[Image-text web data]
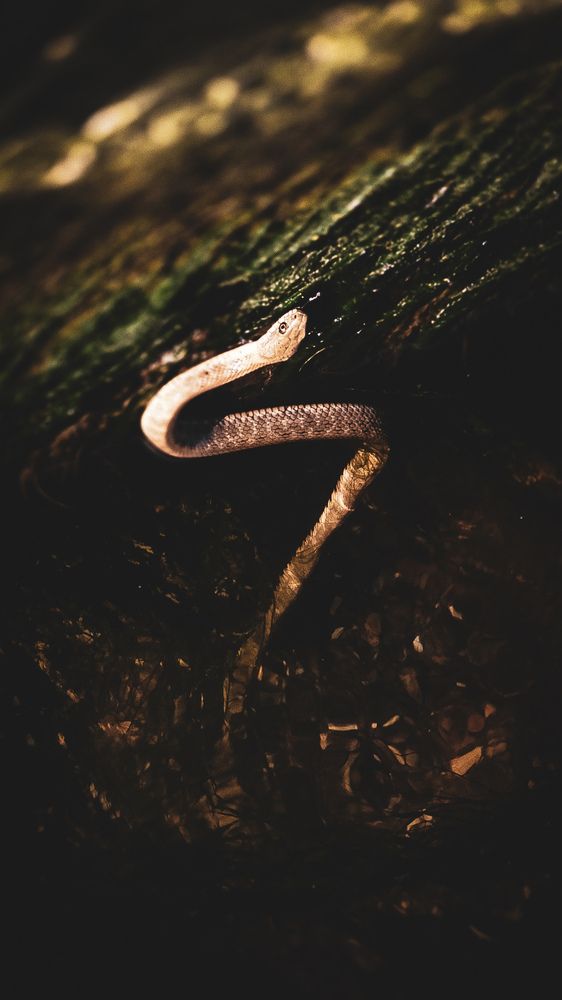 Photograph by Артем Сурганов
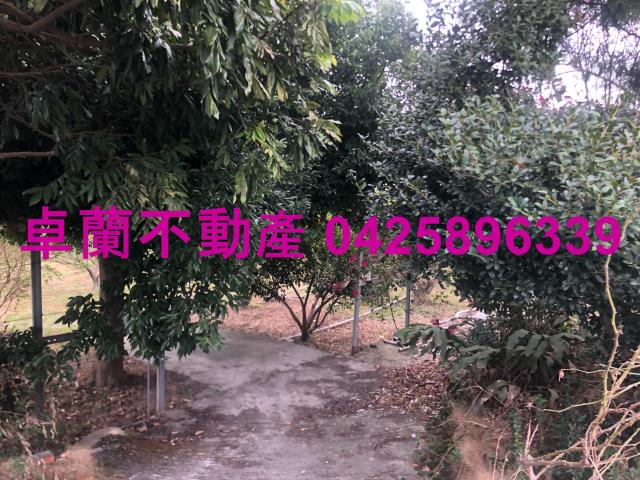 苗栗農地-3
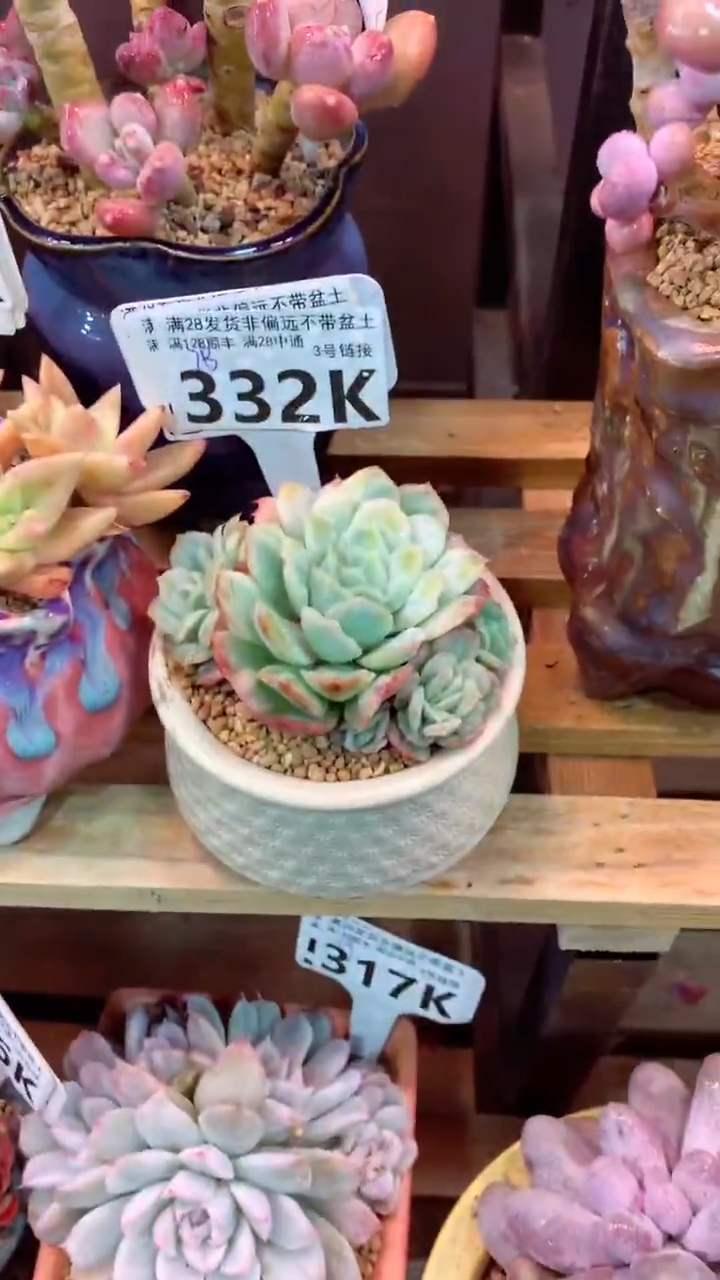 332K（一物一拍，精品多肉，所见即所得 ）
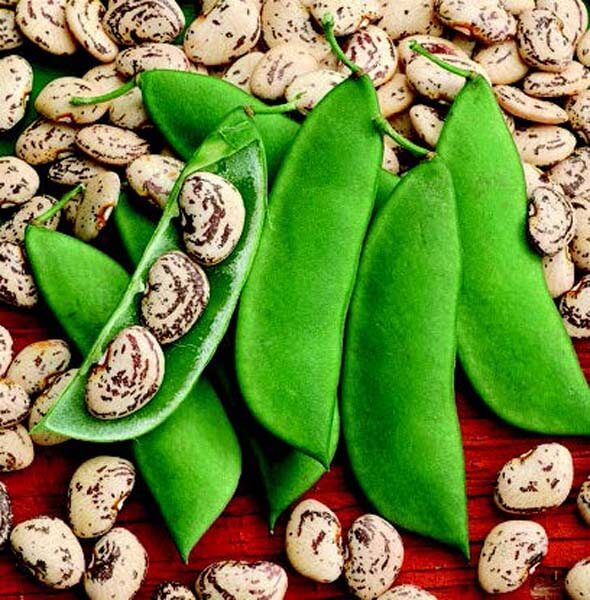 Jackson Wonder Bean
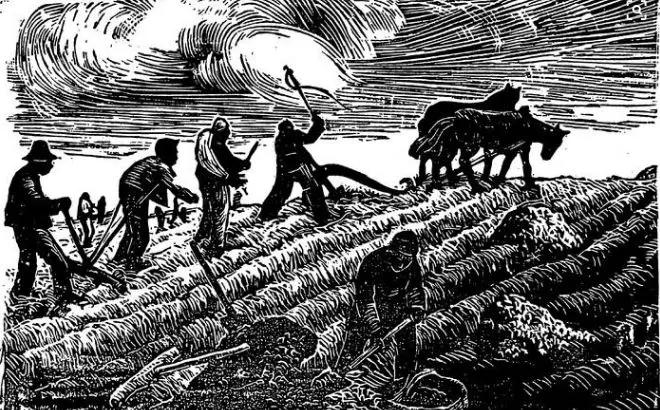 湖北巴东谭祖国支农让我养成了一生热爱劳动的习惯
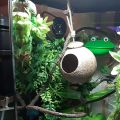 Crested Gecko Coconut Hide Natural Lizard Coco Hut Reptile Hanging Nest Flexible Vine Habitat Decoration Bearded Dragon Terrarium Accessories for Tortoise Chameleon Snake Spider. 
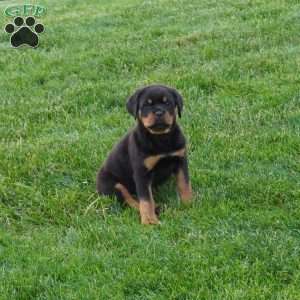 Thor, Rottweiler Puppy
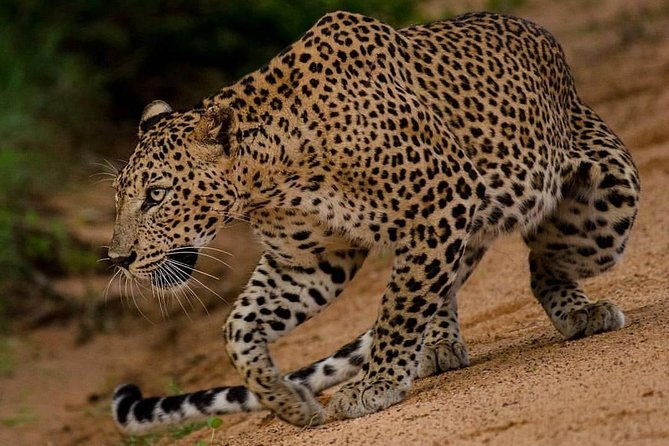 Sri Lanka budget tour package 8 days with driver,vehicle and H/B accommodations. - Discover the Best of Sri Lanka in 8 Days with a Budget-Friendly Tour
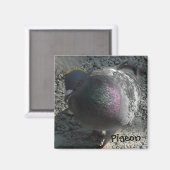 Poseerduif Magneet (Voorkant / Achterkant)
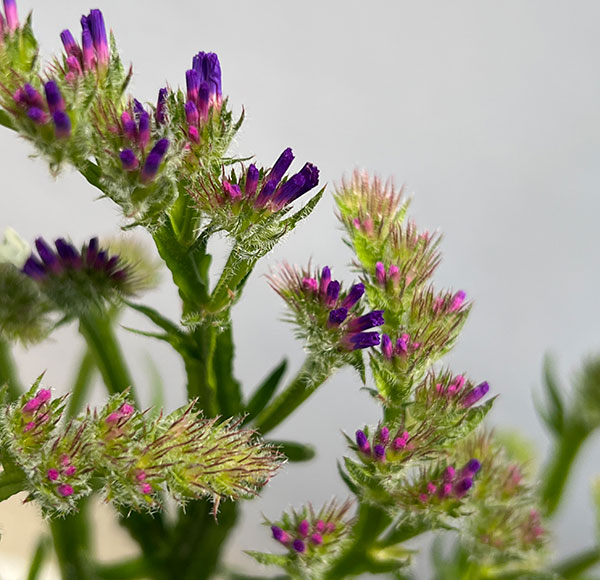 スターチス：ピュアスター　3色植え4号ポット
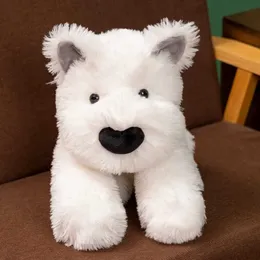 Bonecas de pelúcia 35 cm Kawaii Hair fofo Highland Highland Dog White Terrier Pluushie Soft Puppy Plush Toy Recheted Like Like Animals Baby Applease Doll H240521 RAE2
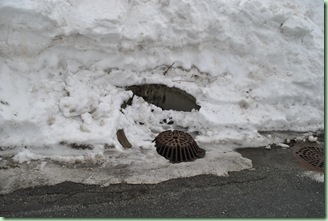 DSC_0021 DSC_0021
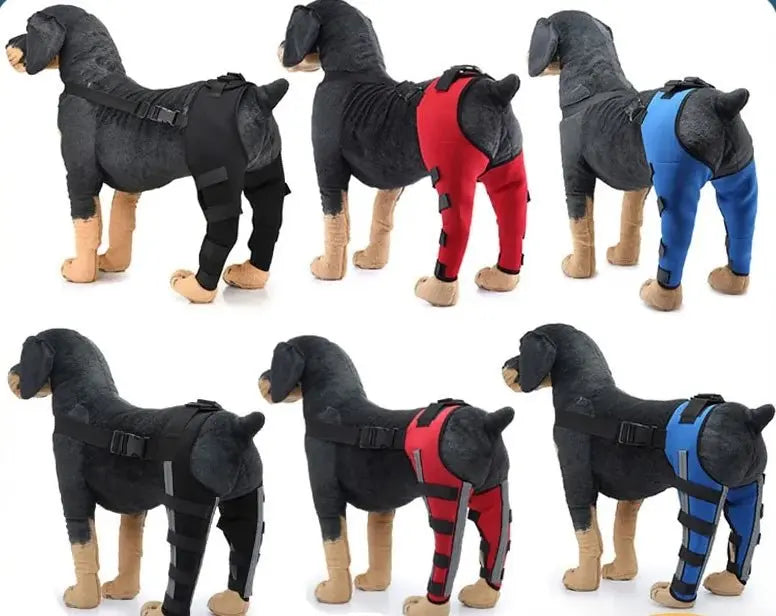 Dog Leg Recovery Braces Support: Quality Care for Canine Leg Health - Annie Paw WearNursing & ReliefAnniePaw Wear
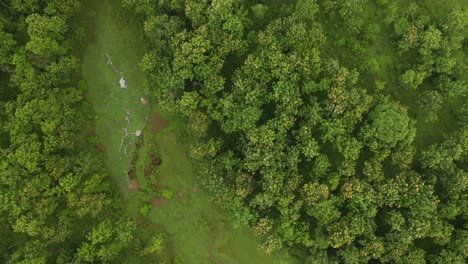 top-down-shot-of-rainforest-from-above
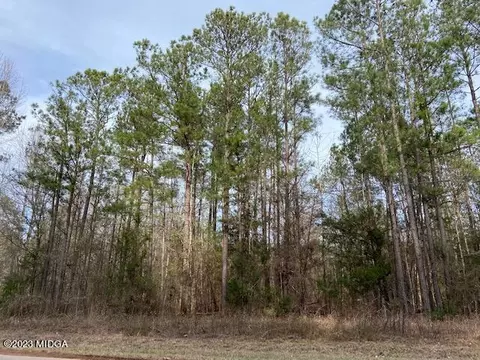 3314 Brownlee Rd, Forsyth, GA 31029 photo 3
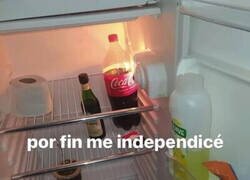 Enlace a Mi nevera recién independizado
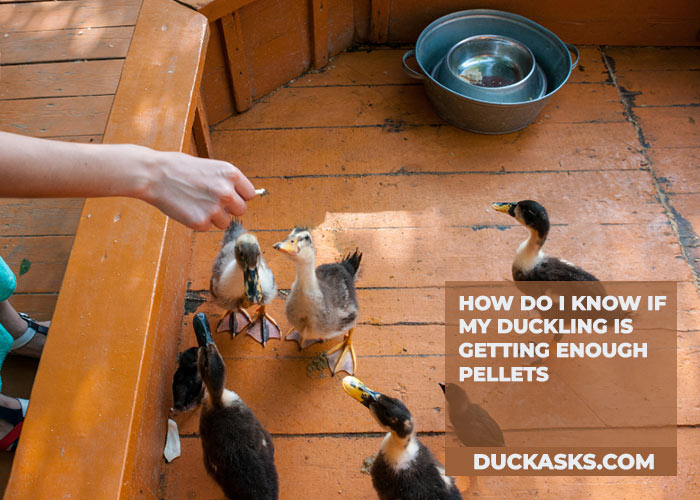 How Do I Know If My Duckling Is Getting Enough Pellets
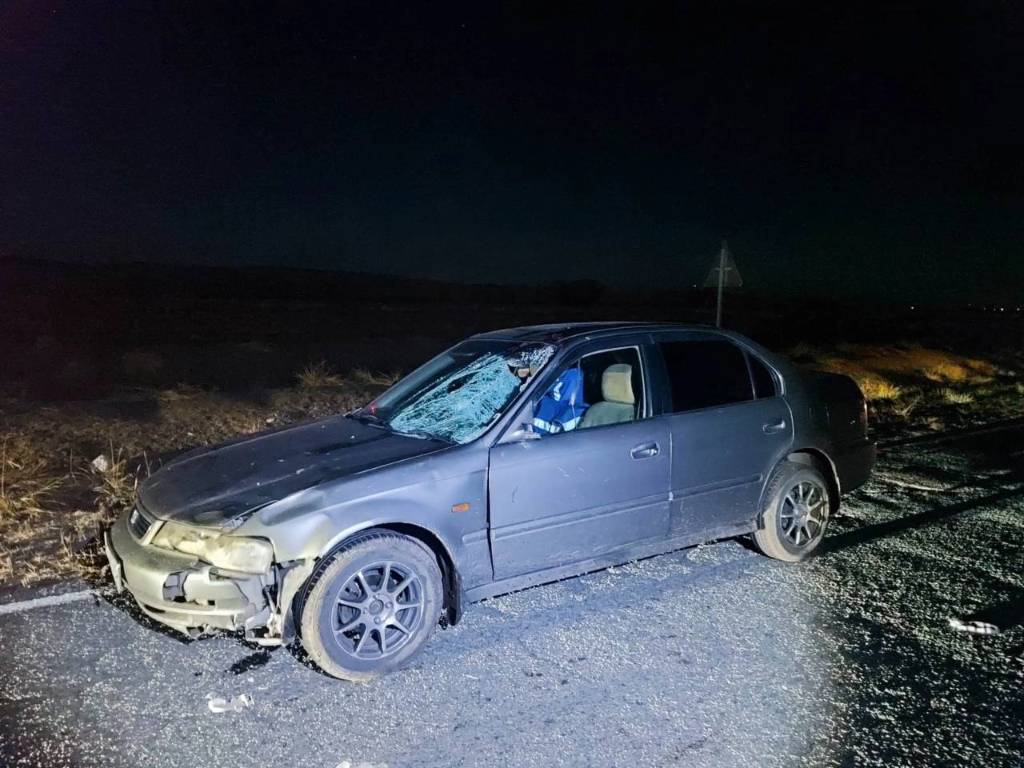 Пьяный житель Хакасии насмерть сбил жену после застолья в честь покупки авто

* _ASSIGNMENT_: Exactly the lines from the one holding "3314 Brownlee Rd, Forsyth, GA 31029 photo 3" through the last line of the entries, both included, are to be duplicated; leave the pictures out.

* _ANSWER BELOW_:
 3314 Brownlee Rd, Forsyth, GA 31029 photo 3
 Enlace a Mi nevera recién independizado
 How Do I Know If My Duckling Is Getting Enough Pellets
 Пьяный житель Хакасии насмерть сбил жену после застолья в честь покупки авто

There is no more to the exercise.